Talk of the town: the black and green GMT-Master II
This new edition showcases a bidirectional rotatable Cerachrom bezel insert in green and black – an intelligent decision given the on-going green hype amongst the horological giants of the industry. What’s more, this is an original colour combination for this model, which one will not find elsewhere, and is sure to quickly gain many admirers.
Interesting move: the crown makes an unusual shift to the left side of the case
Yacht-Master 42
Another piece that will certainly be a crowd-pleaser is this Yacht-Master 42. Until now, we have never seen this specific model available in yellow-gold. But, with this currently being an increasingly popular material amongst men in particular, it’s a choice we would hope and expect to see. Presented on an Oysterflex bracelet, it seems to be ticking boxes at every corner in terms of what an increasingly number of clients seem to on the lookout for right now. Rubber straps are only getting more common in the 2020s, and certainly give Rolex’s sports watches a contemporary, wearable spin. Rolex also maintain their quintessentially slow and steady approach by adding that extra-subtle layer of legibility to this Yacht-Master by making the dial 0.8 mm larger dial, while maintaining the same 40 mm case.

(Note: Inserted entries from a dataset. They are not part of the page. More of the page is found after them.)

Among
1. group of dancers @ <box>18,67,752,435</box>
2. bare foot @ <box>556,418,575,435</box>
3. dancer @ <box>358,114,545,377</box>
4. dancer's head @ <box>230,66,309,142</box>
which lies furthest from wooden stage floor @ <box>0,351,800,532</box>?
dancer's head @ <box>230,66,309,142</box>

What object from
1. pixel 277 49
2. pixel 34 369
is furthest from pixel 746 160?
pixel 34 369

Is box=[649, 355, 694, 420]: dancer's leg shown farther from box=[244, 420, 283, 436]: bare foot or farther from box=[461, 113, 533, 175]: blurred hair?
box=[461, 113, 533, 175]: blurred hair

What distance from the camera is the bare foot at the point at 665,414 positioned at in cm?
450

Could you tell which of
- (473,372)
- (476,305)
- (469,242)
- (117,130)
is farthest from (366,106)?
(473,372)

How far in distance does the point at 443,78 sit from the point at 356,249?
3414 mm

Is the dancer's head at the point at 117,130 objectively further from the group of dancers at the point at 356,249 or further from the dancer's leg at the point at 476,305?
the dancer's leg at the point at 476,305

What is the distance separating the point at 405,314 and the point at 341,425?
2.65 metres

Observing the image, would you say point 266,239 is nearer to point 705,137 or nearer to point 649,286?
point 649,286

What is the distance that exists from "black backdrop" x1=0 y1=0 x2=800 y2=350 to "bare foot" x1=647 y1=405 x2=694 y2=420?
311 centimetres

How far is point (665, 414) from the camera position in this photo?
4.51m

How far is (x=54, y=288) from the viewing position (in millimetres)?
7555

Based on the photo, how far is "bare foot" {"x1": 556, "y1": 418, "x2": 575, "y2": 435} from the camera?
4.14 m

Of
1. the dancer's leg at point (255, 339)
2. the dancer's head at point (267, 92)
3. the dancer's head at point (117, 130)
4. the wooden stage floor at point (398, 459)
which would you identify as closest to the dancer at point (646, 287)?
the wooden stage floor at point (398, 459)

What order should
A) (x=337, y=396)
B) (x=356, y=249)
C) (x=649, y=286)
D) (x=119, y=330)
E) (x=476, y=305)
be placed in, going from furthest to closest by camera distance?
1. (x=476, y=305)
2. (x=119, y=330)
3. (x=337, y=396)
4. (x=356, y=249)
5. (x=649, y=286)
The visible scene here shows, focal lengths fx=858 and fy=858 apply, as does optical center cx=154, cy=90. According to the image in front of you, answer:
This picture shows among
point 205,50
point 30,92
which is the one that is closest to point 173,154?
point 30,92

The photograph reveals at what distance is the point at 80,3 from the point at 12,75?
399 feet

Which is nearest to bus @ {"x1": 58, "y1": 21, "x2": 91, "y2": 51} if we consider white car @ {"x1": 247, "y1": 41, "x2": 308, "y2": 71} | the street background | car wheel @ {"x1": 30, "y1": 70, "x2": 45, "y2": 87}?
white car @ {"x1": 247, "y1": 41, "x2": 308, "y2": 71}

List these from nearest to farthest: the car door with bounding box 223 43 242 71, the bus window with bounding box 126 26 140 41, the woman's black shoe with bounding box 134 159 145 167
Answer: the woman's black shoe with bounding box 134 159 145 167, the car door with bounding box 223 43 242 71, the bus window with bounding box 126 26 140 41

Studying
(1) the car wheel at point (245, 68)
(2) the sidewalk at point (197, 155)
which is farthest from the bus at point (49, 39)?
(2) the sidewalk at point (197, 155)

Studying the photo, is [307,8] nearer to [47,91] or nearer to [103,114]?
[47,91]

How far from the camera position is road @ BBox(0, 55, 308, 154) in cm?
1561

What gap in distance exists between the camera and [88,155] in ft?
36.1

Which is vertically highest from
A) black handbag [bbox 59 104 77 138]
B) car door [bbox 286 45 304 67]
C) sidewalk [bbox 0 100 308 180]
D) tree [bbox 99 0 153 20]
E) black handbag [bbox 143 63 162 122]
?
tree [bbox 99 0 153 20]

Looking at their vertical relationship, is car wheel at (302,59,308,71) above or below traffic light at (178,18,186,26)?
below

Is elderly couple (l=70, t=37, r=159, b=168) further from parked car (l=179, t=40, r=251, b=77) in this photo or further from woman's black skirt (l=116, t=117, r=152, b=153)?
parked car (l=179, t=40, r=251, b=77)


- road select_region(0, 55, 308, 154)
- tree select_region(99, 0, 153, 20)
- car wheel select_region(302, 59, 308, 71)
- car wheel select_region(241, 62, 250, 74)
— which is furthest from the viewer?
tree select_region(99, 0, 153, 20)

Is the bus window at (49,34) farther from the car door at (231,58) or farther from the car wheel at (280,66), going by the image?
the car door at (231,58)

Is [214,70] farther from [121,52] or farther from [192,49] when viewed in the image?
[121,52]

Rolex gives its Yacht-Master 42 a subtle but well-calculated glow up
Air-King
Known for being a real instrument watch, the latest Air-King proves that for Rolex, the devil really is in the details. Similar to the Submariner 41 mm of 2020, although the old and new Air King look very, very similar, there are actually a few changes. For starters, as with the new Yacht-Master, Rolex are enhancing legibility. This is achieved by switching up the previous ‘5’ at 1 o’clock and replacing it with a more balanced ’05’. Speaking of readability – the updated model now features an optimised Chromalight display as well as an anti-reflective coating on the sapphire crystal.
New look: the Air-King now has crown guards
Another rather more noticeable change is the bracelet, which becomes slightly broader, alongside a more streamlined case. Another unusual new touch is the crown guards and straight sides, which is sure to divide fans of this historic tool watch in the game since 1945. However, while perhaps less purist in style, it does put the model in keeping with other Professional tool watches from the brand, of which the majority also implement crown guards.

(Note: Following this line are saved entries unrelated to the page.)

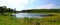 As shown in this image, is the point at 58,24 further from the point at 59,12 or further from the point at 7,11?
the point at 7,11

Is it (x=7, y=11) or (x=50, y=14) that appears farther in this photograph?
(x=7, y=11)

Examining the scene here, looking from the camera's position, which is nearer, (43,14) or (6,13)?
(43,14)

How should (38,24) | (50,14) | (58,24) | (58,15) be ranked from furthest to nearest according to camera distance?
(50,14), (58,15), (58,24), (38,24)

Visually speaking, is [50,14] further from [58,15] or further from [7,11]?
[7,11]

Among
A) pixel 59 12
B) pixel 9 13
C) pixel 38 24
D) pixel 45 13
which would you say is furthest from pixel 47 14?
pixel 38 24

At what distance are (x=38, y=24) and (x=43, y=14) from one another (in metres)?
7.90

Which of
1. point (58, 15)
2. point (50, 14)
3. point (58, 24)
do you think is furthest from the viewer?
point (50, 14)

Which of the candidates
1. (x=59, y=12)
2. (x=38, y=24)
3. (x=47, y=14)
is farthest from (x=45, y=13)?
(x=38, y=24)

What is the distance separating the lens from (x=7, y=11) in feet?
68.4

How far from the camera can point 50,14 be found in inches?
691

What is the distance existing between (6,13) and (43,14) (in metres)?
5.71

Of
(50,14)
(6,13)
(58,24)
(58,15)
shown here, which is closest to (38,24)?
(58,24)

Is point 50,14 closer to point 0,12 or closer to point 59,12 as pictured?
point 59,12

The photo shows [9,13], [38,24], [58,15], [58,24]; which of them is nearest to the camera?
[38,24]
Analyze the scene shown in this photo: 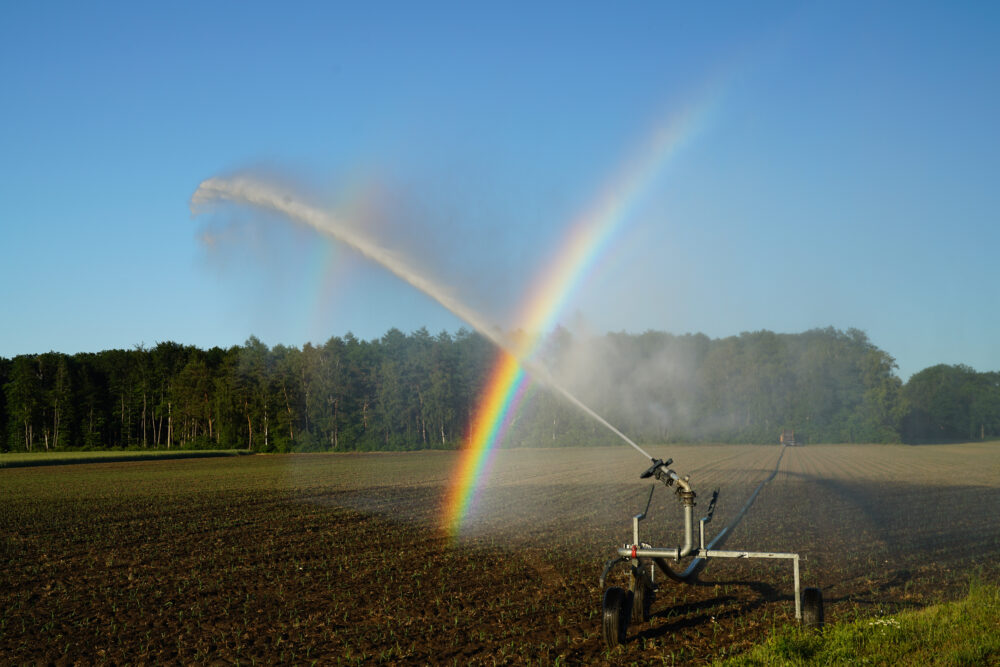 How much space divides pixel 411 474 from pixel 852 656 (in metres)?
36.5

Note the contrast: the 2022 Air-King (left) and its predecessor (right)
Day-Date 40
This is a fairly big day for the Day-Date 40, as it becomes available in 950 platinum alongside a fluted bezel for the first time in Rolex history. Prior to this, the fluted bezel was available only on 18-carat yellow gold, white gold, or Everose gold models. From a visual perspective, it works incredibly well, especially with the ice-blue dial accompanying it. The reason that it is only now becoming available is that platinum, the noblest of metals, is by no means easy to work with; fluting is a much simpler effect to create using gold. The result is a watch with some serious presence, shine, and weight on the wrist.
A platinum fluted bezel makes an appearance on the Day-Date 40 for the very first time
Datejust 31
Moving onto the ladies’ watches, it is actually these pieces that are arguably the real standouts from this W&W 2022. This series of Datejust 31 watches bring a brand new dial to the table. While diamonds can be overbearing, Rolex incorporates them to these patterned dials in an unusual and subtle manner. Each gem is shaped to a different size in accordance with the flower that encircles it. Furthermore, the flowers use different finishings by showcasing matt, sunray, and grained effects.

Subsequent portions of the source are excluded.